» WHAT IS EXPECTED: The material below holds a span beginning at the line with "Poster planet earth" and ending at the line with "Dark Green Crushed". Quote that span exactly, both ends included, and only that span.

» DATASET EXCERPTS:
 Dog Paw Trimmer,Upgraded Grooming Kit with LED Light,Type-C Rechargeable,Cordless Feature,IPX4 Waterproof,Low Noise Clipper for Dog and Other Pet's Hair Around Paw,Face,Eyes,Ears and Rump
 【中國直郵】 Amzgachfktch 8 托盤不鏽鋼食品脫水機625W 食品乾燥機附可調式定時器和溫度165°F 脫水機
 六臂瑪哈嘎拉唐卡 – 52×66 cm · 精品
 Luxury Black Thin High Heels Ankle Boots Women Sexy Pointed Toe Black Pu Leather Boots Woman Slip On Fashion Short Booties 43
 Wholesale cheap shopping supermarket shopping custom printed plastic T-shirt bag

--

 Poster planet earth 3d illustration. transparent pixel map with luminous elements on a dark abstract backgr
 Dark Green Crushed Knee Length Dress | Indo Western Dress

» RESPONSE TO THE EXERCISE:
 Poster planet earth 3d illustration. transparent pixel map with luminous elements on a dark abstract backgr
 Dark Green Crushed Knee Length Dress | Indo Western Dress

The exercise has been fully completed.